Categories are a form of shorthand. We need them for
basic communication. But beyond that, we need art and poetry. Logic fails
because it is a bound system. Creativity is protean. Logic is perfect for
describing mass and volume, force and quantity. Logic can determine that a
certain weight and shape and atomic structure is an apple or a sun, but it
cannot determine the flavor of a particular apple or the feeling of heat on a
Venetian plaza in the middle of June.
L’universe
dur,
observed Bergson. The universe has duration. But what does that mean? Of course
the universe has duration. That’s what time is all about, duration. Waiting.
Expectation. Anticipation. History. We wait for something to happen, we try to
imagine what such and such an event is going to be like, what the consequences
will be for us, and then it happens, we’re in the moment, and as soon as we
experience the event we’ve been anticipating it becomes the past. It becomes
memory. It becomes a story. It assumes a phantasmal quality, a milieu of the
mind partly real partly imagined, partly nebulous partly concrete. The past and
the future are abstractions. Nothing is ever quite as real as the present
moment. It is in the present moment where time is water and our minds are
sugar. Dissolution is the start of something new.
“For a mind born to speculate or dream I could say
that while it remains exterior to reality,” observed Bergson, “it also deforms
and transforms it, perhaps even creates it, in a manner similar to the figures
of people and animals that our imagination outlines in the passing clouds.”
He goes on to say that there are certain powers
complementary to our understanding, powers of which we have only a confused
feeling when we remain closed within ourselves, but which illumine and
distinguish themselves when they manifest themselves in a work, so to speak,
such as in the evolution - the ongoing development - of
living organisms within nature.
Change is more radical than one assumes at first.
The truth is that change is perpetual and no state is static but is in a
continuous mode of transfiguration. No state however distinct can be broken
down into distinct components. Each continues in a ceaseless flowing. Our
conception of time links events artificially, as if time were an absolute
entity outside our particular reality. It is not. Each moment is a creative
act. There is no such thing as destiny or predestination. Nothing in our lives is mapped out ahead of time. The
thread that connects our sun to the rest of the universe is tenuous but strong,
connecting the minutest parcel of the world we experience to the entire
universe. Nothing is isolated; all is interrelated.
The essence of things eludes us always. We move
among relations discovering endless varieties of combination, but the absolute
is not within our capacity: we halt before the Unknowable.

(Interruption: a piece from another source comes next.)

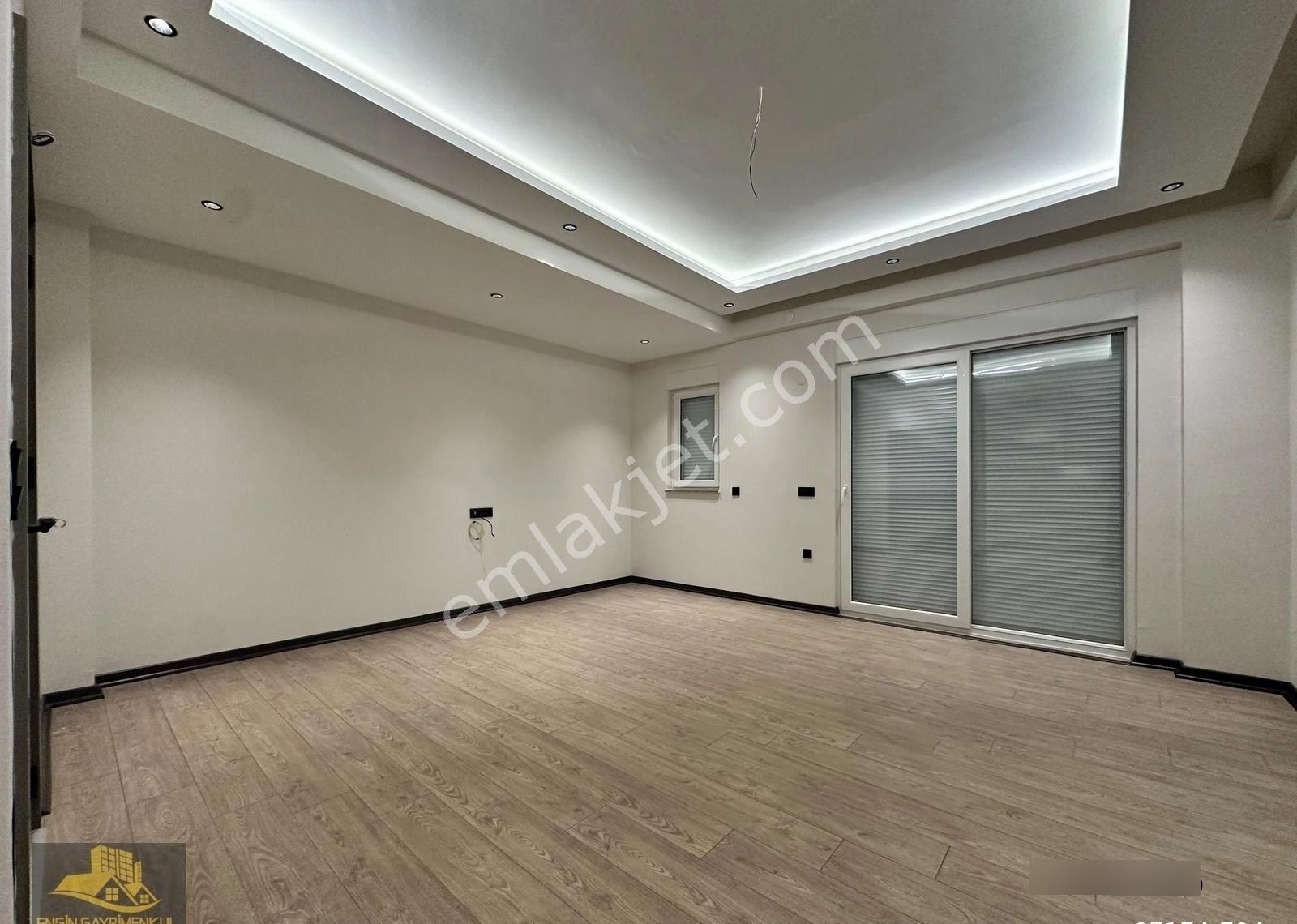 Ebeveyn Banyolu Giyinme Odalı Özel Garajlı Daire - Görsel 16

Our frameworks crack. They’re too narrow, too rigid
for the experiences we try to confine within them.
The more we deepen our understanding of time the more
do we realize that duration signifies invention, the creation of forms, the
continual elaboration of absolute novelty. Ultimate reality is one of
affiliation, collaboration, communion. Vital properties are never fully
realized but always on the way toward realization: they are less states than
tendencies.
To live is to continually create oneself.